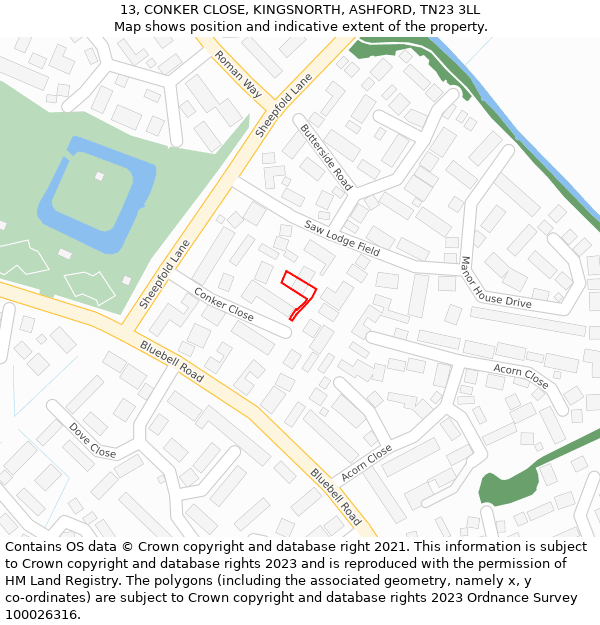 13, CONKER CLOSE, KINGSNORTH, ASHFORD, TN23 3LL: Location map and indicative extent of plot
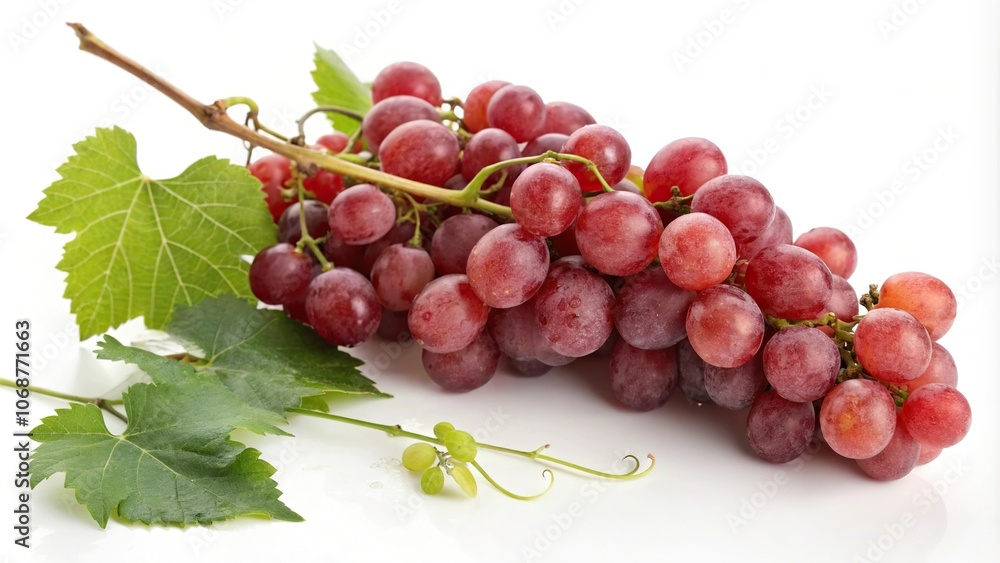 Obraz premium Ripe red grapes with a few green leaves and stems, macro, leaves
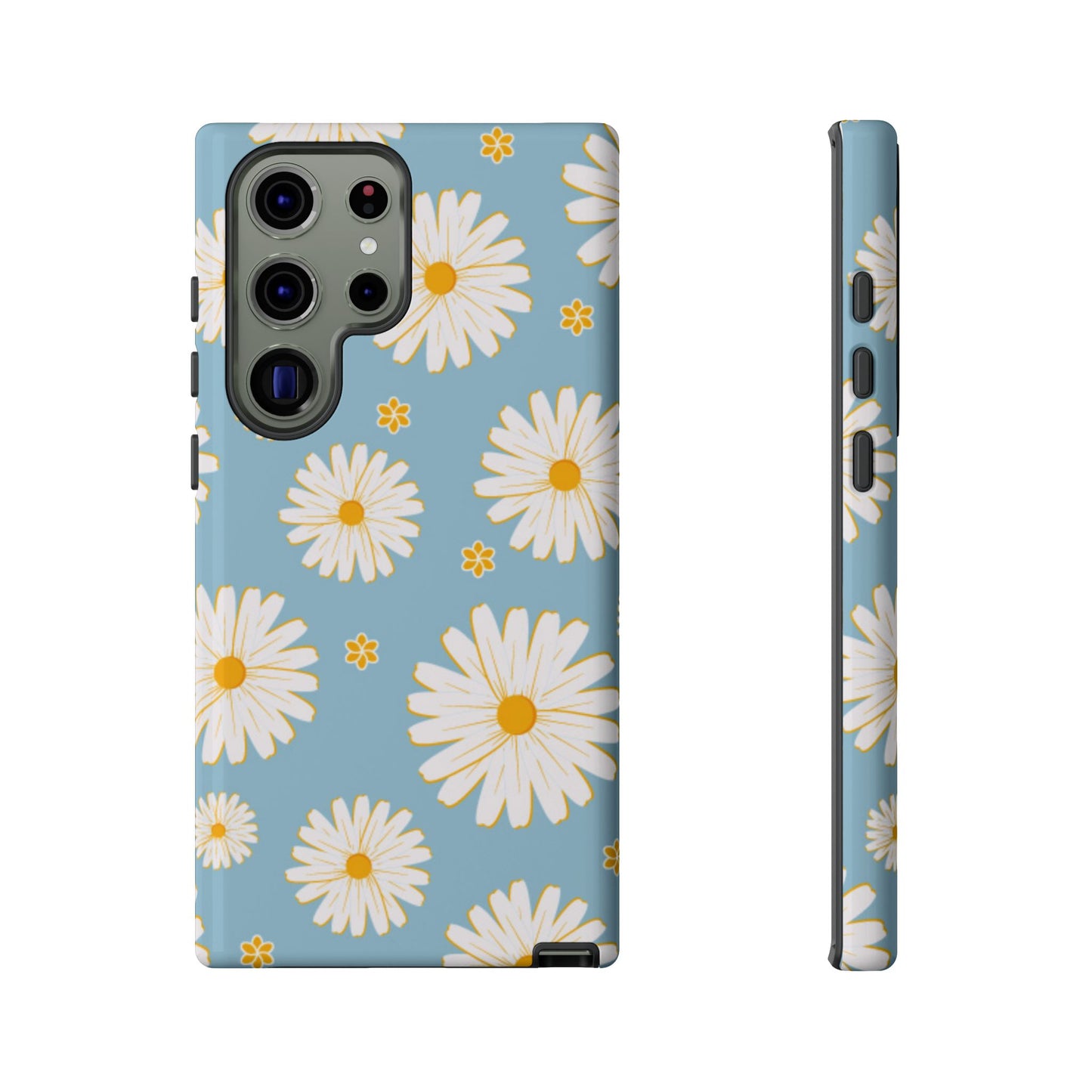 Bright Daisy Samsung Galaxy Case – Light Blue Background, Shockproof and Slim Design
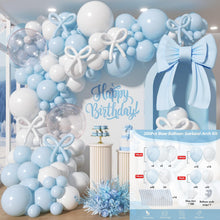 Load image into Gallery viewer, GDGDTOO Light Blue White Bow Balloon Garland Kit, Multi-size Party Balloons for Wedding Birthday Engagement Graduation Universal Party Decor
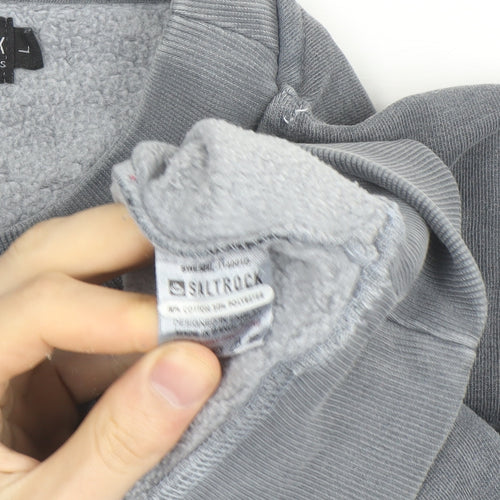 Saltrock Men's Grey L Pullover Fleece Sweatshirt Surf Logo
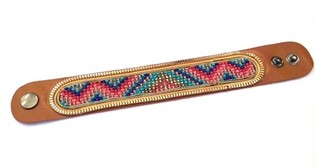 Läderarmband Ibiza Aztec Guldkant med Orange (1 st)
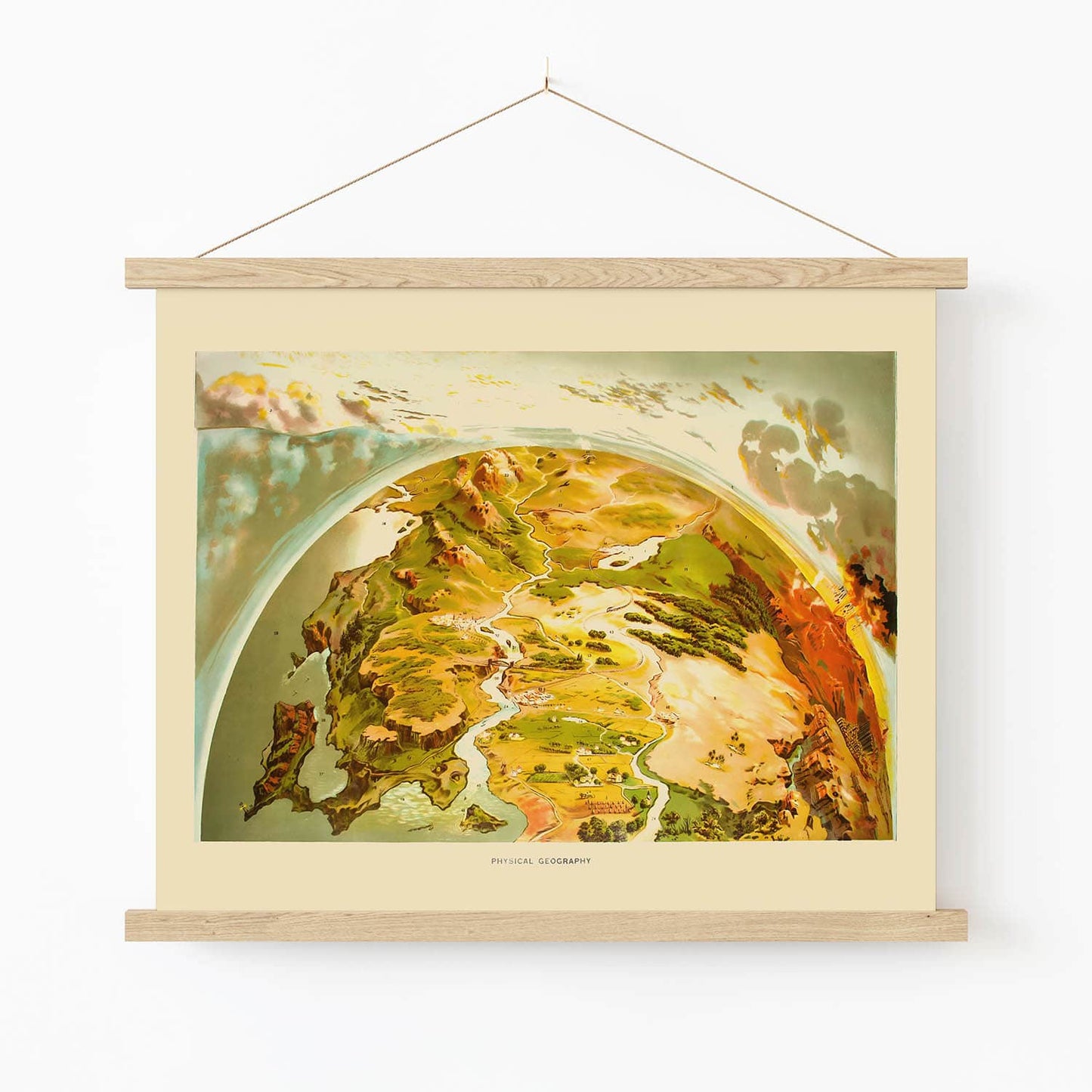 Pictorial of Earth Art Print in Wood Hanger Frame on Wall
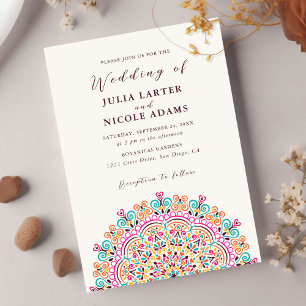 Erfrischendes Sonnenblumen-Mandala-Hochzeit Einladung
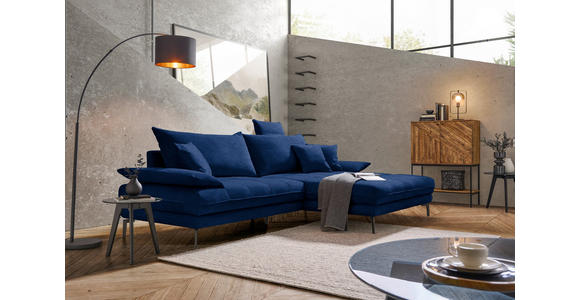 ECKSOFA in Mikrofaser Dunkelblau  - Schwarz/Dunkelblau, MODERN, Textil/Metall (297/173cm) - Carryhome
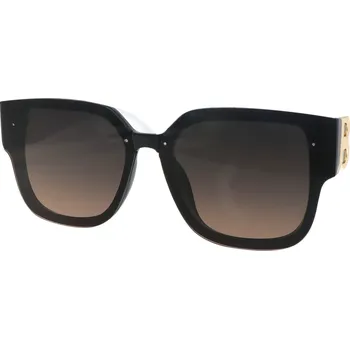 Sluneční brýle Dámské sluneční brýle Cat Eye C3129, hnědé barvy - bílé koncovky obrub 9001557-62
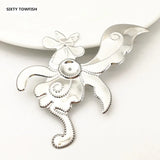 10 Pieces 50*80mm K Metal Filigree Flower Slice Charms Jewelry DIY Components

----------

EXERCISE OBJECTIVE
What is needed is an exact restatement of every line from the one containing "Saltrock Men's Grey" through the last line of the records, pictures left out.

RESPONSE TO THE TASK
 Saltrock Men's Grey L Pullover Fleece Sweatshirt Surf Logo
 Läderarmband Ibiza Aztec Guldkant med Orange (1 st)
 Pictorial of Earth Art Print in Wood Hanger Frame on Wall
 Erfrischendes Sonnenblumen-Mandala-Hochzeit Einladung
 ECKSOFA in Mikrofaser Dunkelblau  - Schwarz/Dunkelblau, MODERN, Textil/Metall (297/173cm) - Carryhome
 Sluneční brýle Dámské sluneční brýle Cat Eye C3129, hnědé barvy - bílé koncovky obrub 9001557-62
 10 Pieces 50*80mm K Metal Filigree Flower Slice Charms Jewelry DIY Components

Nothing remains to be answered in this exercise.